◆ **Problem to work on**
What you write must match, character for character, the lines from the one with "stock photo Little" down to the one with "Portrait of a" in the listing below, minus its pictures.

◆ **Records**
__________
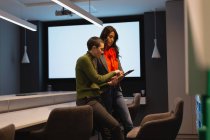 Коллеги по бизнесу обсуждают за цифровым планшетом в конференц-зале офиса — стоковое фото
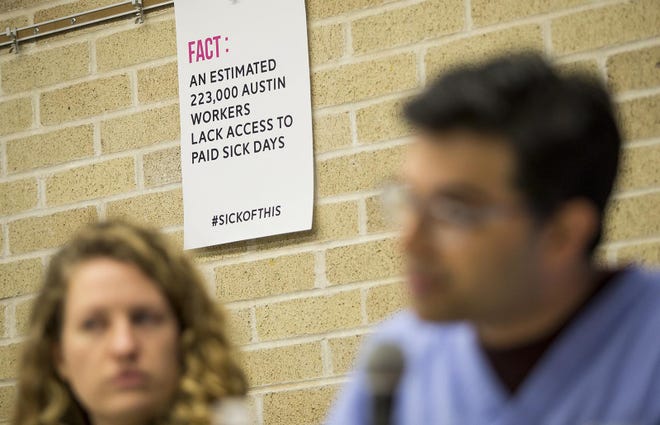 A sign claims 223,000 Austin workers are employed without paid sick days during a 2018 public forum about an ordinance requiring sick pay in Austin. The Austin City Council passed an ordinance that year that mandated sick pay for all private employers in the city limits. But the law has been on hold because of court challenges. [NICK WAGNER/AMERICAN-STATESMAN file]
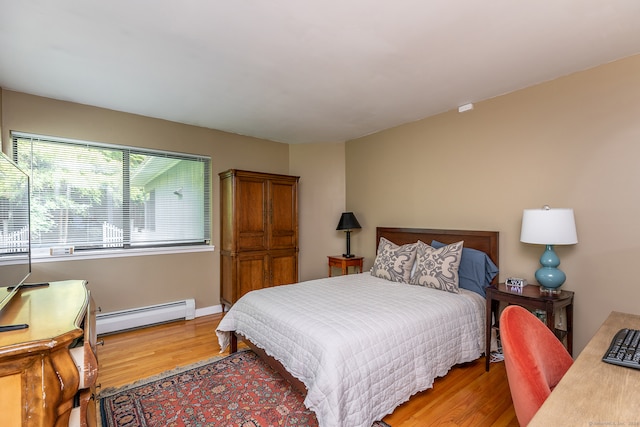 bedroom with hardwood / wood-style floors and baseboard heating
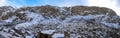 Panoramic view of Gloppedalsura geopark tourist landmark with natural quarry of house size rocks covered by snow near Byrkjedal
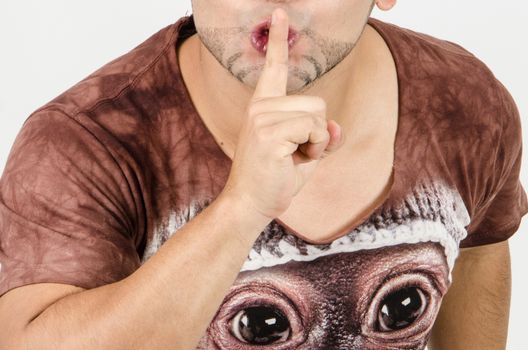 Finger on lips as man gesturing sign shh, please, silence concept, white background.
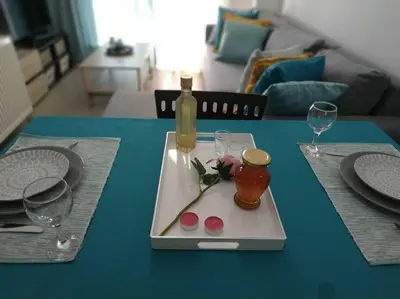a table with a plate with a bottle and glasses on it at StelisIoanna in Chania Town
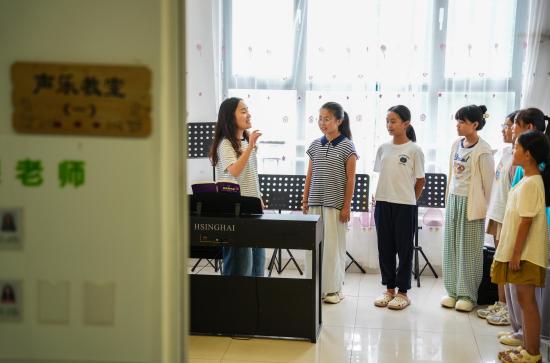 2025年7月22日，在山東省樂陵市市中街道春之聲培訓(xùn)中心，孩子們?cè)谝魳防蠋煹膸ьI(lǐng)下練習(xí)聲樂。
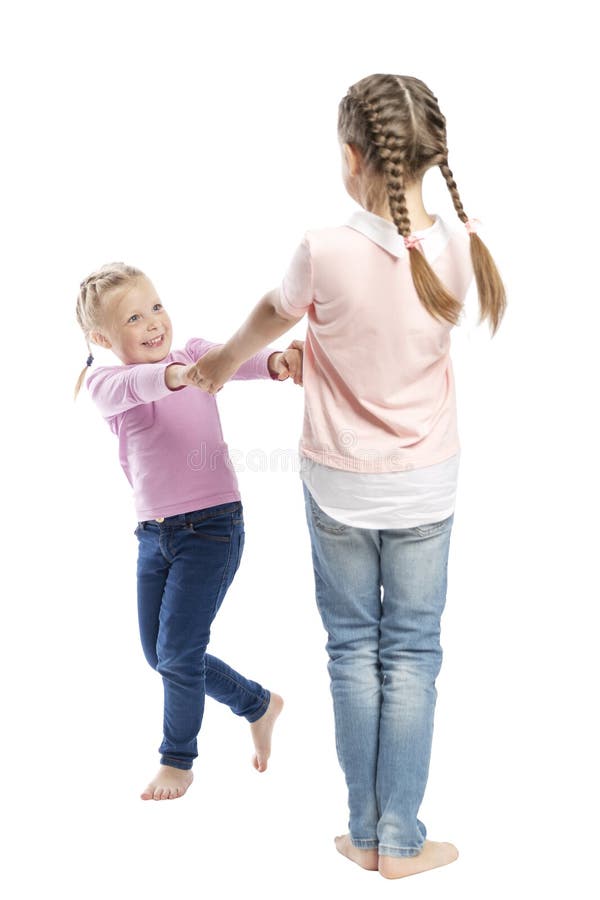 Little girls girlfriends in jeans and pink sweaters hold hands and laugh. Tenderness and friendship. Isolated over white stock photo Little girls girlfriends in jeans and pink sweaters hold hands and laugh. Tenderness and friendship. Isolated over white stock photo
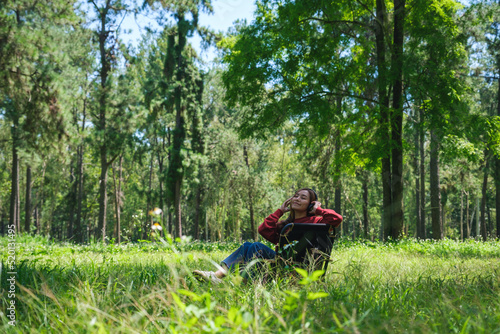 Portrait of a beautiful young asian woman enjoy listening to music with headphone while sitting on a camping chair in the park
__________
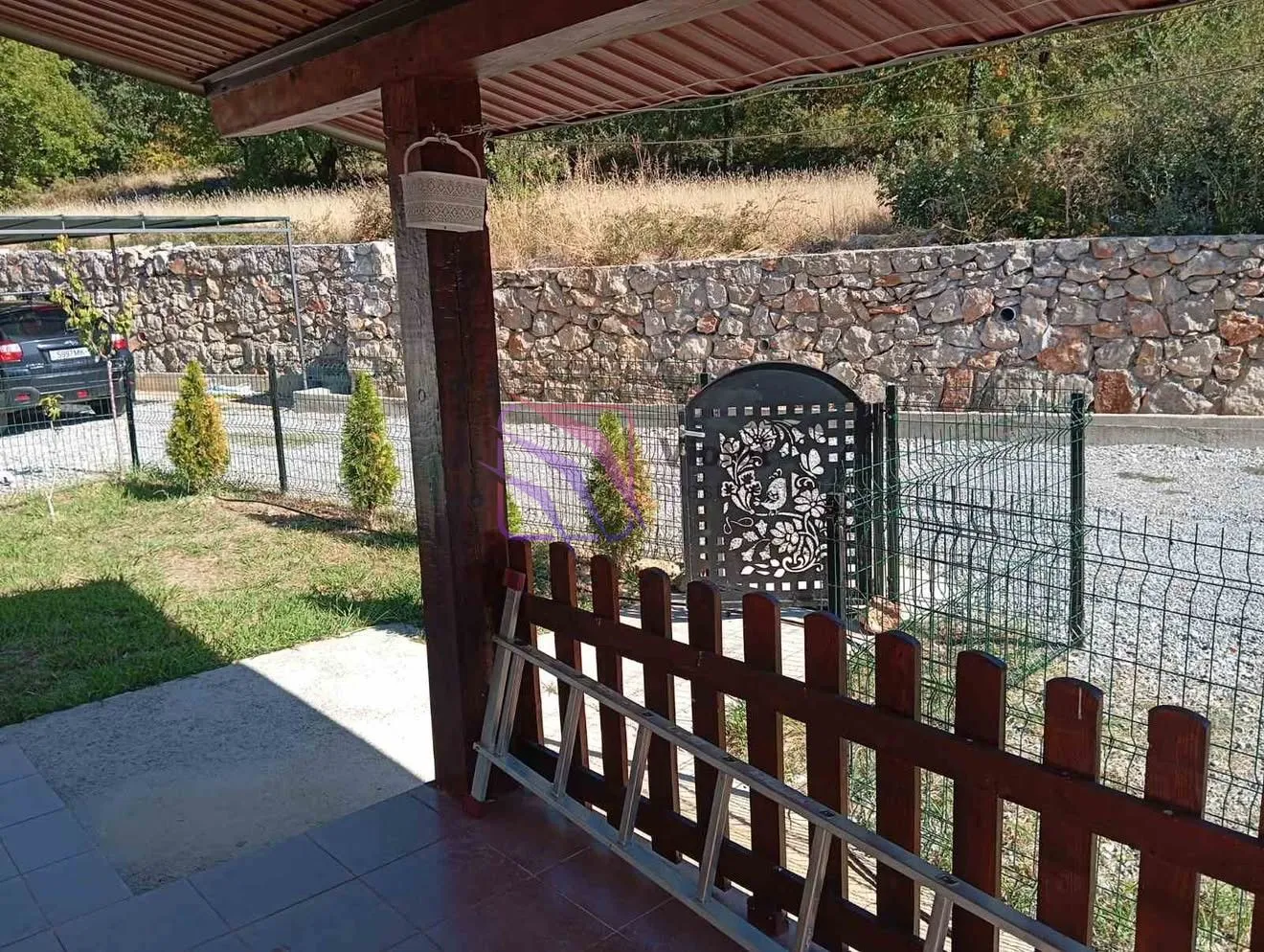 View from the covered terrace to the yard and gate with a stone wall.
__________
◆ **Solution to this task**
 Little girls girlfriends in jeans and pink sweaters hold hands and laugh. Tenderness and friendship. Isolated over white stock photo Little girls girlfriends in jeans and pink sweaters hold hands and laugh. Tenderness and friendship. Isolated over white stock photo
 Portrait of a beautiful young asian woman enjoy listening to music with headphone while sitting on a camping chair in the park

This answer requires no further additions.